Hoje, 75 anos depois de “Branca de Neve e os Sete Anões” estrear em 1937, o conto ganha duas releituras – “Espelho, Espelho Meu” e “Branca de Neve e o Caçador”. Por ora, vamos nos contentar com a adaptação que traz Julia Roberts como a Rainha.
Branca de Neve vivia em um reino mágico e alegre governado pelo Rei, seu pai. Este, terrivelmente abalado pela perda de sua amada esposa, reencontraria a sorte e o amor em tempos. Ou não. Encantado pela inebriante beleza de uma jovem ruiva, o Rei não hesita em chamá-la para governar ao seu lado. A jovem, astuta e traiçoeira, aceita o convite e se casa com o pai de Branca de Neve. Assim, tem início o pior pesadelo da jovem princesa. Almejando a totalidade do poder do reino, a Rainha Má enfeitiça seu marido e lhe ordena que vá para a Floresta Negra – esta, habitada por um terrível monstro. Foi a última vez que se ouviu falar do Rei. E o reino caiu em desgraça.

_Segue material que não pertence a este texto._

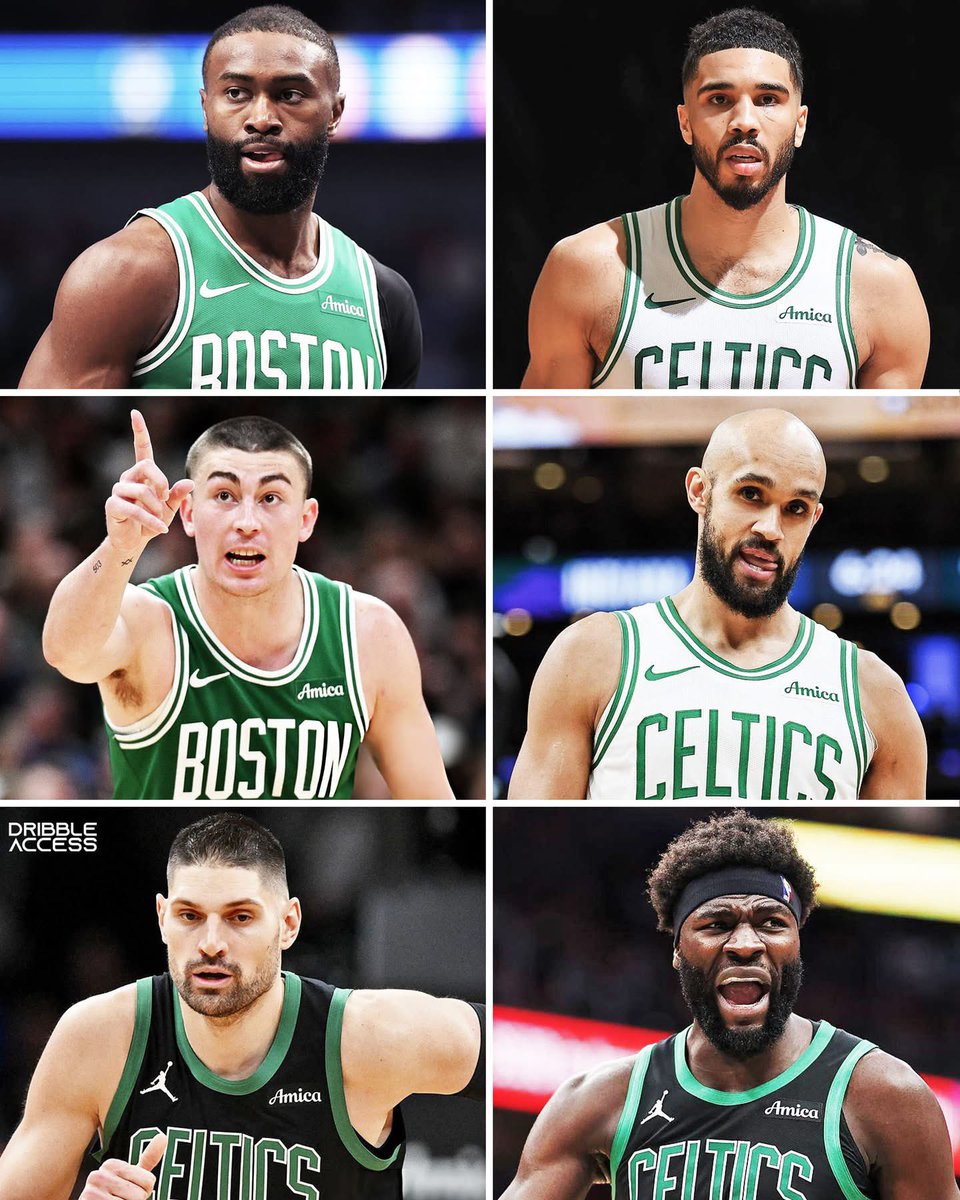 Hater Report tweet media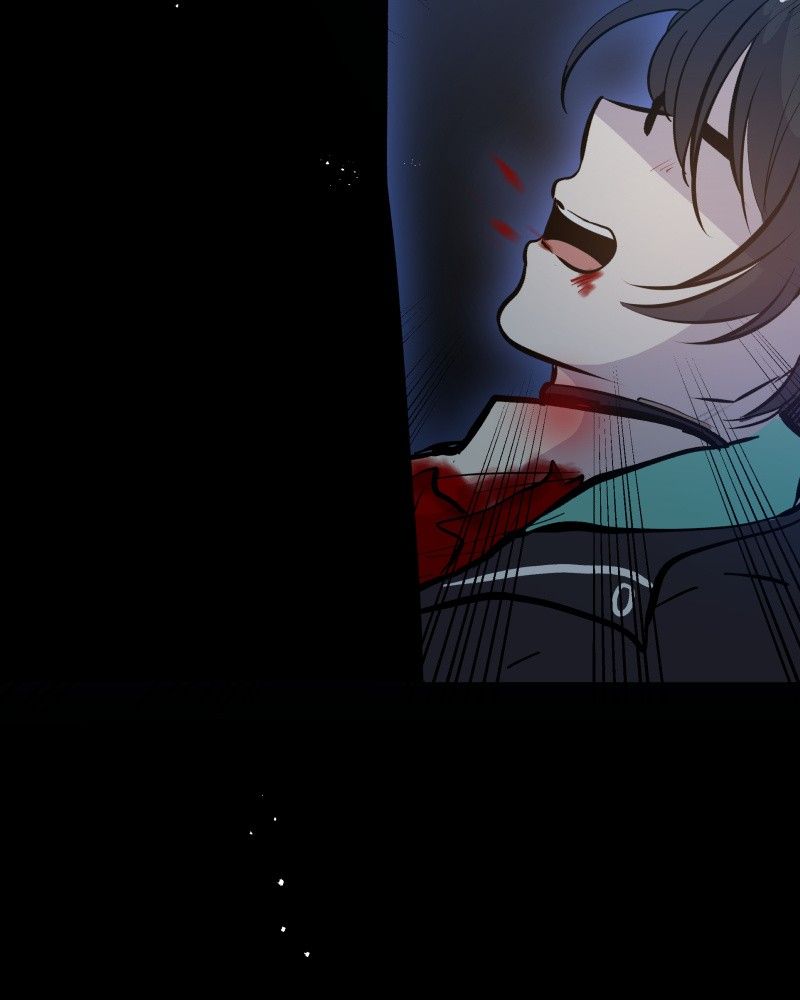 Rebirth-69michi chapter 98 page 23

Muitos anos depois, Branca completa seus dezoito anos e fica ainda mais bela que sua cruel madrasta que começa a sentir o preço da velhice. Doente e completamente obcecada pela própria beleza, a Rainha dobrará seus esforços para destruir Branca de Neve de uma vez por todas. Entretanto, ela não contava que um jovem príncipe rico fosse bater a porta de seu castelo. A Rainha encontra a oportunidade de salvar o reino da iminente falência, mas o príncipe não está interessado em se casar com ela, mas sim em conhecer Branca de Neve.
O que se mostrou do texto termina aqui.